Sacco’s focus is the Muzaffarnagar riots of 2013, but he spends time documenting the history of the region and the tensions that foreshadowed them. Their exact cause is disputed: a Jat Hindu woman was “eve-teased” — a grim euphemism for public sexual harassment — by a Muslim man, who was then killed by her brothers, who were subsequently killed themselves. Or was it a traffic incident that spiraled into sectarian scrapping, escalating into murder by rampaging gangs?
If the trigger remains a mystery, the outcome is well documented: clashes between two communities, dozens killed, hundreds injured and tens of thousands displaced. At every juncture, politicians and religious leaders fail to maintain peace and control.
And so this becomes a story of the uneasy relationship between democracy and sectarian politics, and the brutality that constantly lurks in the shadows. It charts how rumor and misinformation fuel chaos — a video on Facebook purporting to show a local Jat boy being lynched was pivotal in igniting feverish violence, though it turned out to be years old and from Afghanistan.
The riots lasted a few days, with the army eventually brought in to quell the violence. Sacco chronicles its aftermath in camps the dispossessed — both Jat and Muslim, but mostly Muslim — were forced into, and the attempts at reparations, which were inept and possibly corrupt.
The “future riot” of the title invokes the idea that violence is a perennial feature of democratic processes in India. Prime Minister Narendra Modi’s rise was at least partly fueled by riots in Gujarat in 2002, after a train containing Hindu pilgrims was set on fire and Muslims were blamed. Anti-Muslim prejudice following the Muzaffarnagar riots themselves benefited Modi’s Hindu nationalist BJP. A decade later, the atmosphere in Uttar Pradesh, and the wider country, remains volatile. In the concluding pages, Sacco turns to a question of global significance: does a democracy that foments violence risk being overwhelmed by it?
There’s wit and realism in the panels and art. It’s dynamic and clear, and the people seem less like caricatures than in Palestine. Vox pops punctuate the narrative, a reminder of the subjective experience of people on the street, in the midst of the action. There is, however, a strange phenomenon I’ve not seen before in 40 years of reading comics. The skin tone of all of the protagonists is dark, and the shading is done not by cross-hatching, but by parallel horizontal lines. Once I noticed it, it became distracting, like TV interference on every character’s face, and I couldn’t unsee it. This may seem like a pathetically trivial point, but comics are a visual medium, and you have to get on with the art. Get over it, I told myself, because the story is important and compelling, but it niggles.

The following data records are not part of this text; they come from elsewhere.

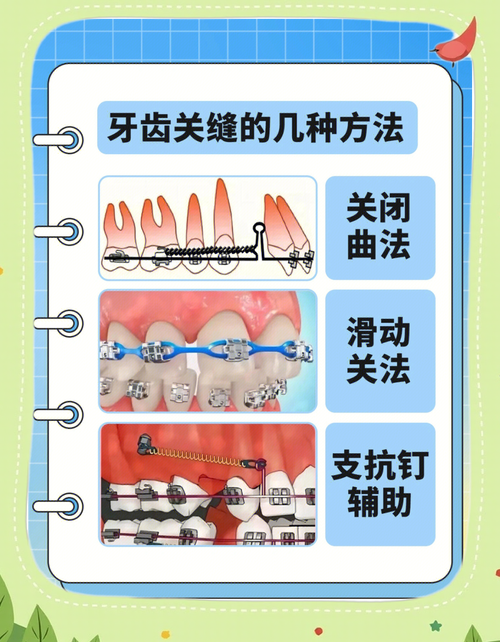 零基础学正畸方法-图1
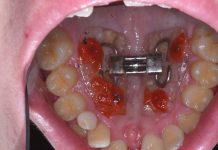 Disgiunzione palatale con C-Expander in pazienti tardo-adolescenziali Disgiuntore palatale C-Expander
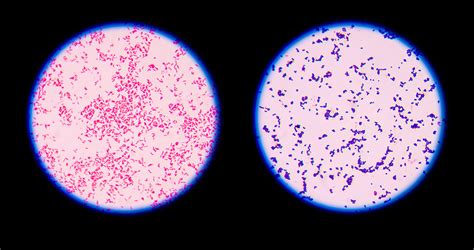 E Coli Gram Stain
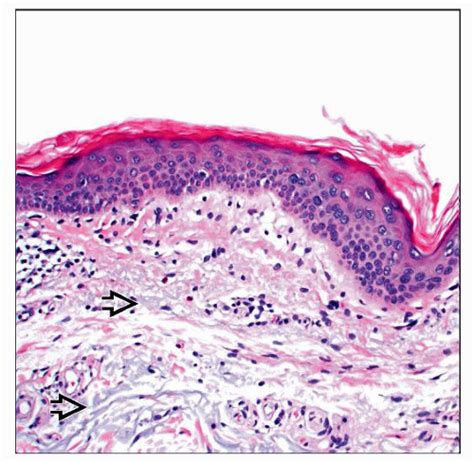 Acantholytic Cells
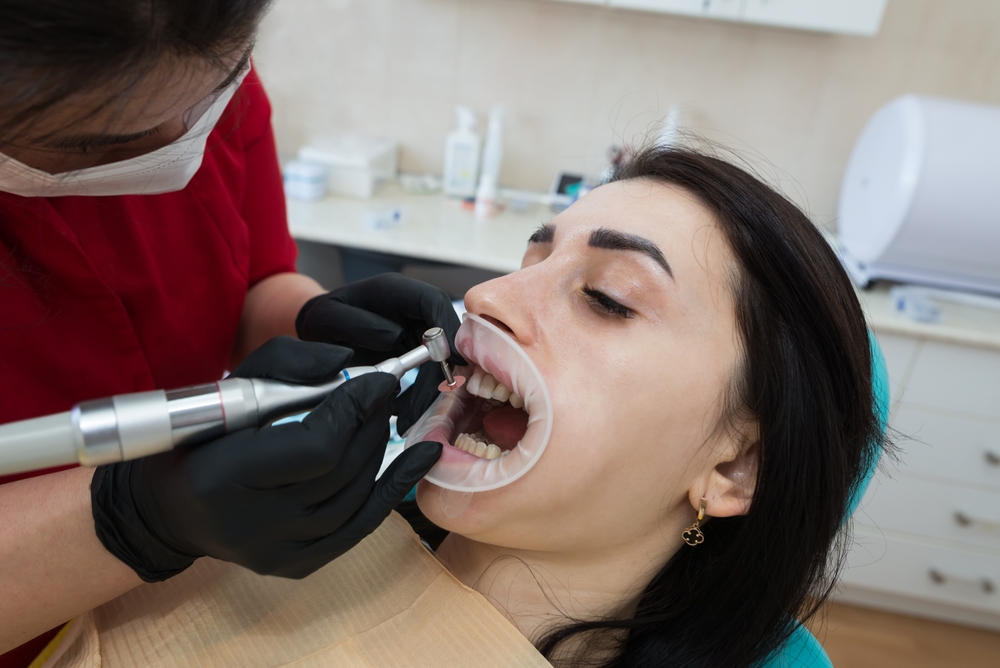The,Dentist,Puts,Dental,Veneers,On,The,Patient.,The,Process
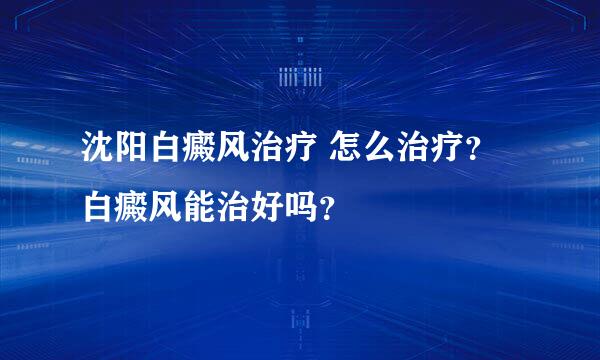 沈阳白癜风治疗 怎么治疗？白癜风能治好吗？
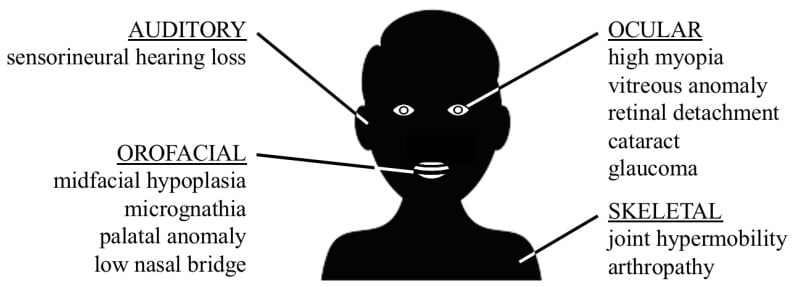 Schematic diagram of the four body systems affected in Stickler syndrome - ocular, orofacial, auditory and skeletal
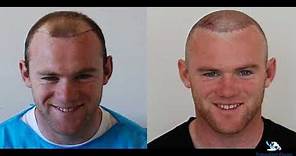 Wayne Rooney - Hair Transplant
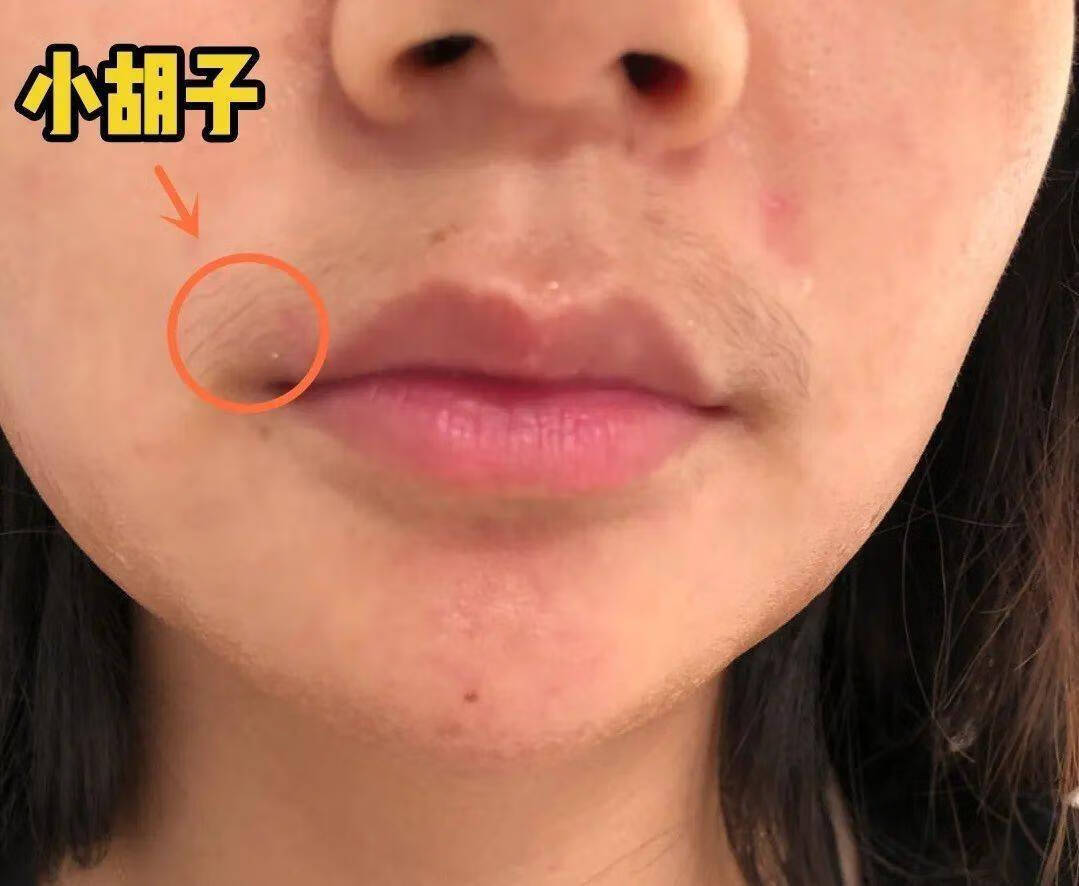 女生长胡子怎么办?(女生有胡子怎么办)
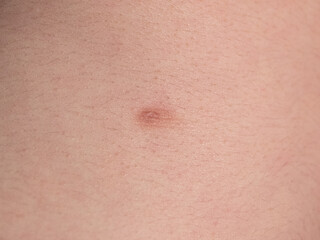 Fototapeta premium Picture of a male torso with a third nipple - Close-up (supernumerary nipple)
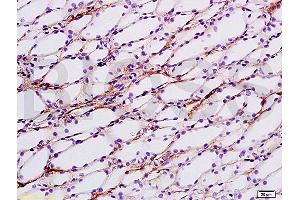 Immunohistochemistry (IHC) image for anti-Sodium Channel, Nonvoltage-Gated 1, gamma (SCNN1G) (AA 188-290) antibody (ABIN706076)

Above all, Joe Sacco is a journalist, and this is journalism. The format, of which he is almost the only exponent, has a subjectivity absent from traditional approaches. The memories of the protagonists are sometimes contradictory, but Sacco includes them nonetheless. The graphic novel — a wholly unsatisfactory descriptor — can contain all the complexity of a tumultuous politics. In an era when long-form journalism is under pressure, and political analysis filleted to morsels, Sacco’s work is a lifeline.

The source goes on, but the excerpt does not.